_Given material_.
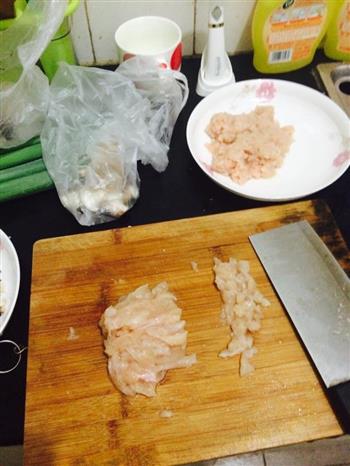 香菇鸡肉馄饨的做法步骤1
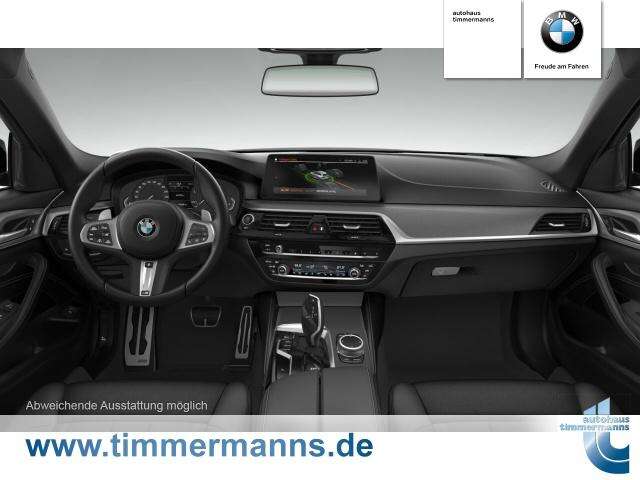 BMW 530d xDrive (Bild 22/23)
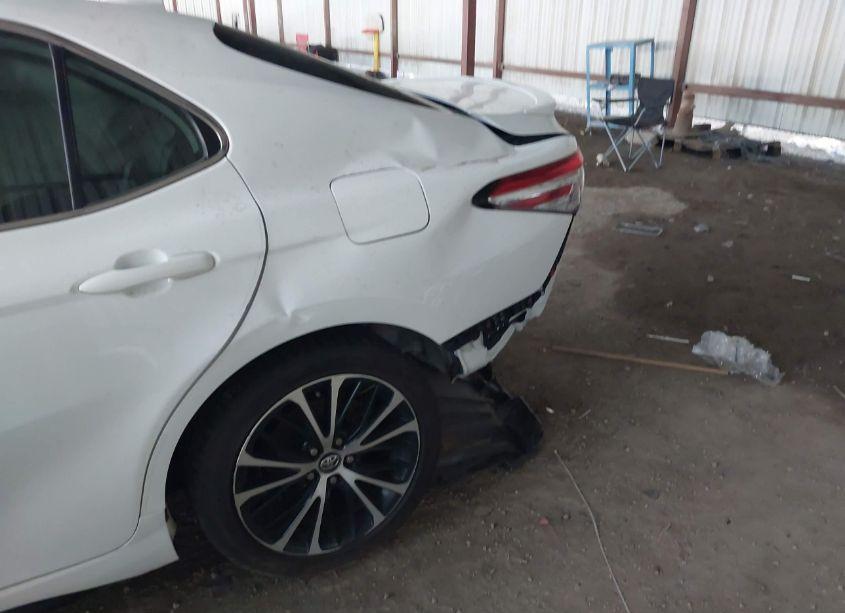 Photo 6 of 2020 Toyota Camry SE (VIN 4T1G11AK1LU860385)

_Prompt_. The pictures in the data should be omitted, and every remaining line set down exactly.

_Response to this exercise_.
 香菇鸡肉馄饨的做法步骤1
 BMW 530d xDrive (Bild 22/23)
 Photo 6 of 2020 Toyota Camry SE (VIN 4T1G11AK1LU860385)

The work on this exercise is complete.